Pour les salariés d’Amazon et leurs représentants syndicaux, cette affaire confirme que les outils technologiques utilisés dans les entrepôts ne sont pas neutres et doivent être strictement encadrés.
Chronologie complète de l’affaire
2019–2022 : contrôles et enquêtes de la CNIL
À la suite de signalements, plaintes et enquêtes de terrain, la CNIL mène plusieurs contrôles dans les entrepôts d’Amazon France Logistique. Ces contrôles portent notamment sur les scanners individuels utilisés par les salariés pour effectuer leurs tâches quotidiennes, de la réception des marchandises au packing.
La CNIL constate que ces outils permettent un suivi en temps réel et individualisé du travail et produisent des indicateurs extrêmement précis. Ils identifient immédiatement les périodes d’inactivité, même très courtes, et calculent les temps entre chaque action.
27 décembre 2023 : sanction historique de la CNIL
La CNIL inflige à Amazon France Logistique une amende de 32 millions d’euros, l’une des plus élevées jamais prononcées en France dans le domaine du droit du travail et du RGPD.
Les inspecteurs soulignent que la surveillance est excessive et intrusive, avec des indicateurs qui permettent de détecter des scans jugés trop rapides, de mesurer des temps d’inactivité de quelques minutes ou de calculer les délais entre chaque geste du salarié. Cette surveillance permanente instaure une pression constante sur les travailleurs, jugée incompatible avec le respect de la vie privée.
La CNIL relève également plusieurs violations du RGPD : absence de minimisation des données (elles sont conservées jusqu’à 31 jours), information insuffisante des salariés, et défaillances de sécurité concernant l’accès aux images de vidéosurveillance.
2024 : recours d’Amazon devant le Conseil d'état
Contestant la décision, Amazon engage un recours devant le Conseil d’État, demandant l’annulation totale de la sanction ou, à défaut, une réduction significative de son montant. L’entreprise défend que ces outils sont nécessaires pour la gestion logistique et la sécurité des entrepôts.
23 décembre 2025 : décision du Conseil d'état
Le Conseil d'état rend une décision nuancée. L’amende est réduite de 32 à 15 millions d’euros, confirmant néanmoins le principe même de la sanction.

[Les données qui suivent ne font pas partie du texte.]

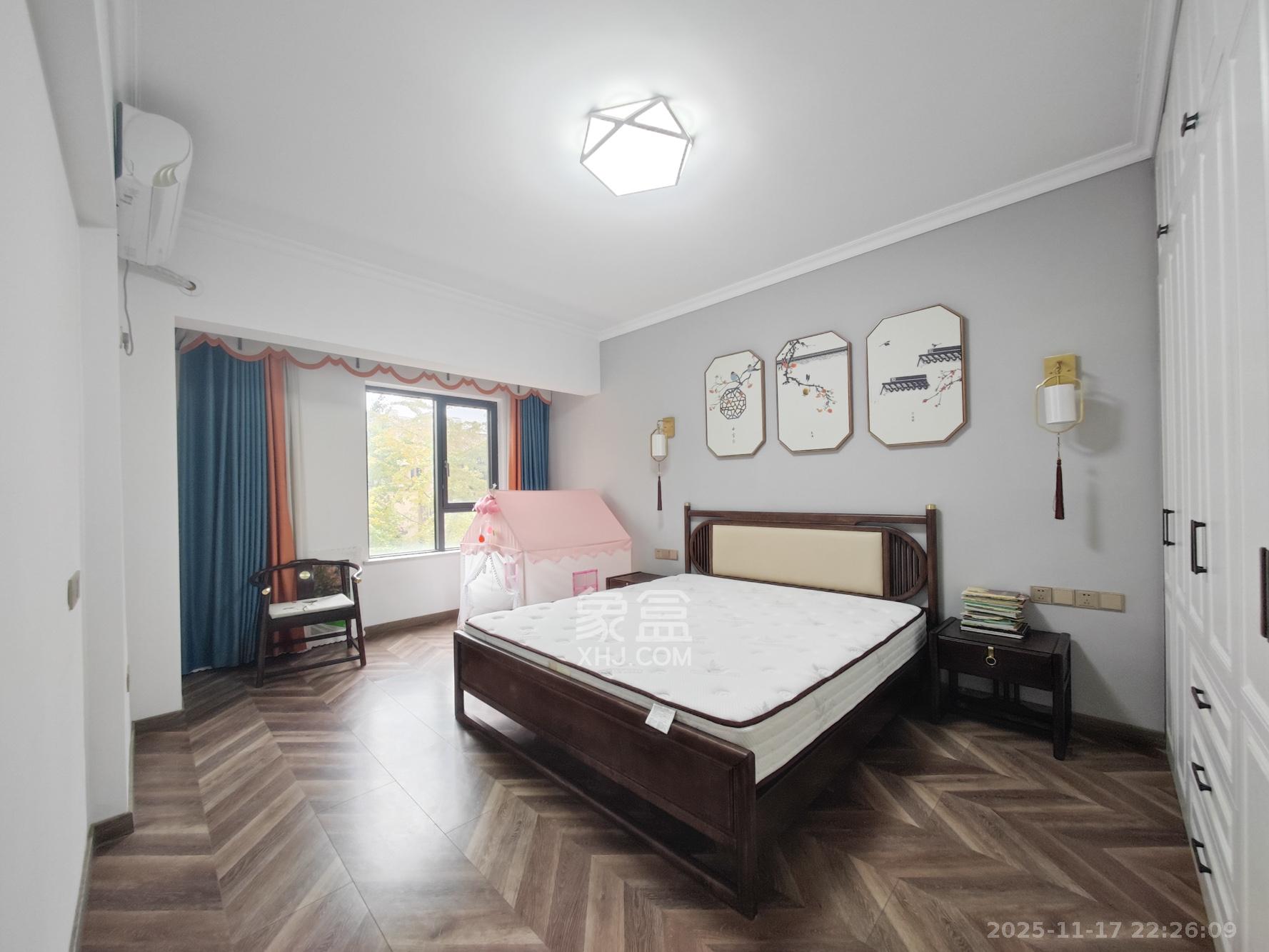 托斯卡纳洋房高层  4室2厅2卫    175.0万卧室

Le Conseil d'état considère que certains indicateurs de performance peuvent, pris isolément, être justifiés par des objectifs d’organisation du travail et ne constituent pas automatiquement une violation du RGPD. En revanche, il confirme plusieurs manquements essentiels : conservation excessive des données, défaut d’information claire des salariés et défaillances de sécurité des dispositifs de vidéosurveillance.
Ce que cette affaire change concrètement
Un signal fort contre la surveillance permanente
Même si le montant de l’amende est réduit, la décision confirme un point fondamental : le contrôle numérique permanent des salariés n’est pas acceptable sans limites strictes. La conservation prolongée des données, l’opacité des outils et l’accumulation d’indicateurs individuels restent contraires au droit.

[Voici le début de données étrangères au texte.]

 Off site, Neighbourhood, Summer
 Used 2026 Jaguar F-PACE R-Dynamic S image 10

Un précédent pour tous les entrepôts Amazon
Cette affaire crée une jurisprudence majeure sur le management algorithmique. Elle montre que les outils de suivi d’Amazon peuvent être contestés juridiquement et renforce la légitimité des revendications syndicales sur la transparence, la santé et les conditions de travail.
Un enjeu syndical central
Pour les organisations syndicales, et notamment pour la CAT, cette décision confirme plusieurs constats de terrain. La pression algorithmique est une réalité quotidienne, la surveillance numérique a des effets directs sur la santé, le stress et la dignité des salariés, et le dialogue social reste indispensable face à des systèmes techniques aussi puissants.

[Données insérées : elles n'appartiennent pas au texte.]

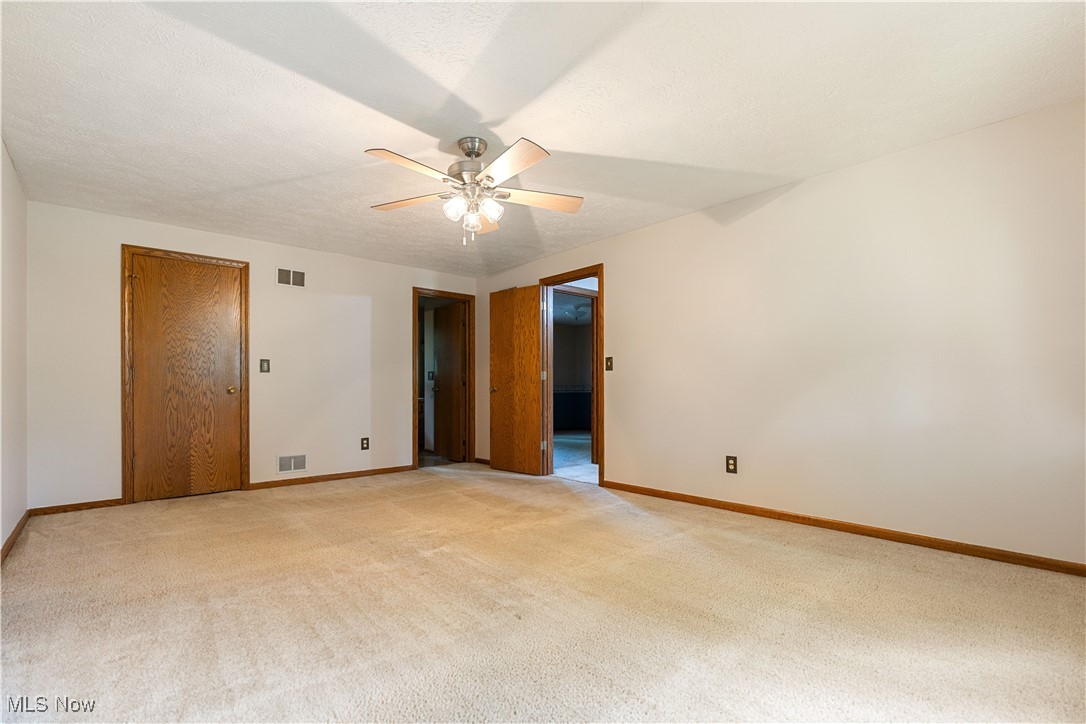 9066 Shelby Street, Massillon, Ohio image 16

La protection des données personnelles n’est pas une question abstraite : elle touche directement à la liberté, au rythme de travail et au respect des travailleurs.
L’affaire Amazon – CNIL – Conseil d'état marque une étape importante dans la reconnaissance des limites légales du contrôle numérique au travail. Si Amazon évite une partie de la sanction initiale, l’essentiel demeure : ses pratiques ont été jugées illégales sur plusieurs points fondamentaux. Pour les salariés et leurs représentants, cette décision renforce la nécessité de poursuivre la vigilance syndicale, d’exiger plus de transparence sur les outils de surveillance et de défendre collectivement des conditions de travail respectueuses des droits impératifs.